Segment Start: DATA TO PROCESS
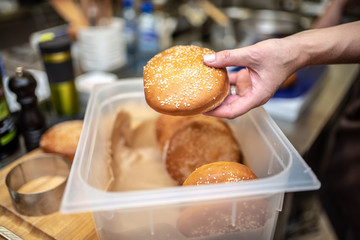 Sticker - Hand hold a cheeseburger bun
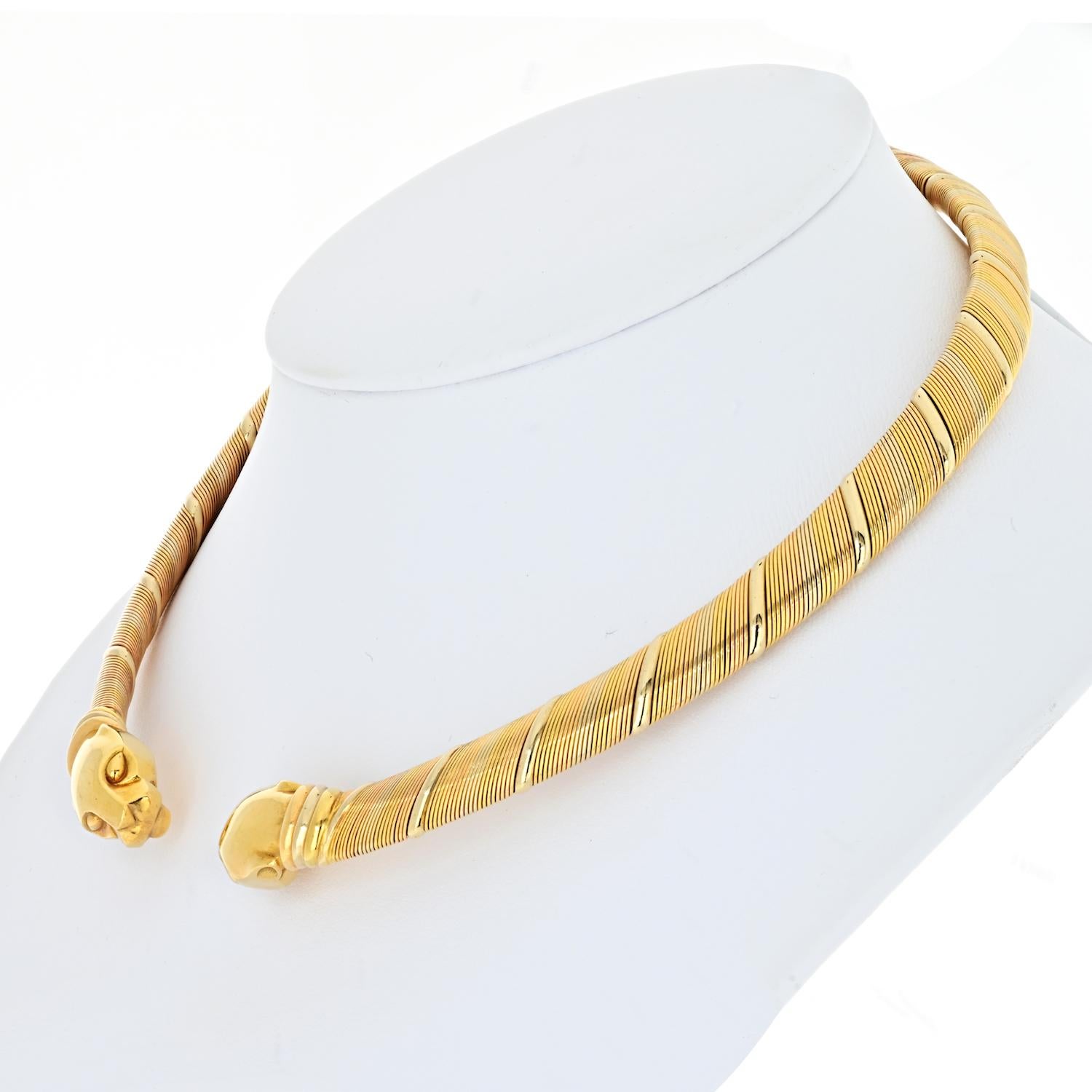 This stunning necklace is crafted of 18 karat pink, yellow, and white gold, and features two polished panther heads on each end of an elegantly curved tri-color coiled band. This is a chic necklace with the luxury and sophistication of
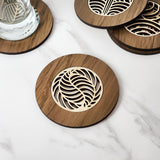 Single Palm River Rimu coaster, 10cm, featuring unique colors from reclaimed NZ Riverwood, blending elegance and functionality.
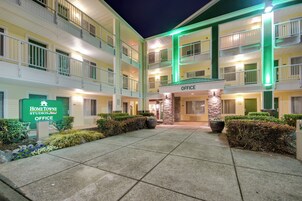 Un hotel de varios pisos con un patio central, que muestra un letrero para la oficina y una entrada iluminada en verde.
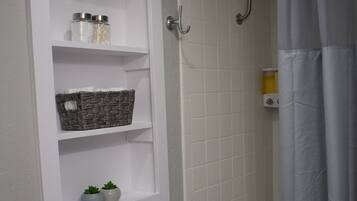 Combined shower/tub, hair dryer, towels, soap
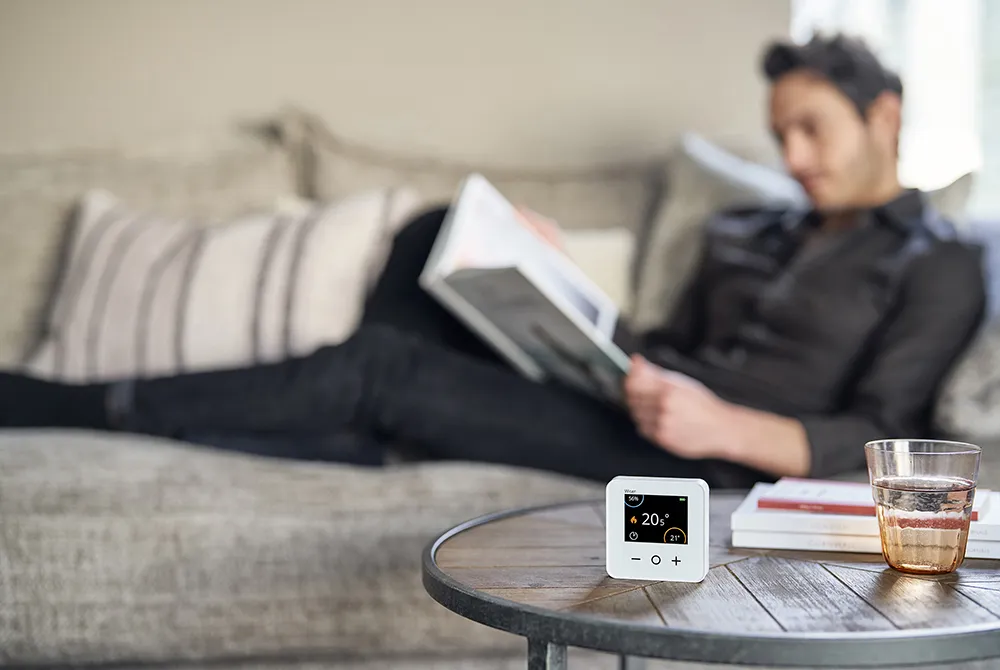 Man relaxes while Wiser's smart thermostat ensure a comfortable temperature in Comfort Mode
Segment End: DATA TO PROCESS
### TASK ITEM
Reproduce, word for word, the lines from the one containing "Single Palm River" through the final line above. Leave every picture out.

### ANSWER TO THIS EXERCISE
 Single Palm River Rimu coaster, 10cm, featuring unique colors from reclaimed NZ Riverwood, blending elegance and functionality.
 Un hotel de varios pisos con un patio central, que muestra un letrero para la oficina y una entrada iluminada en verde.
 Combined shower/tub, hair dryer, towels, soap
 Man relaxes while Wiser's smart thermostat ensure a comfortable temperature in Comfort Mode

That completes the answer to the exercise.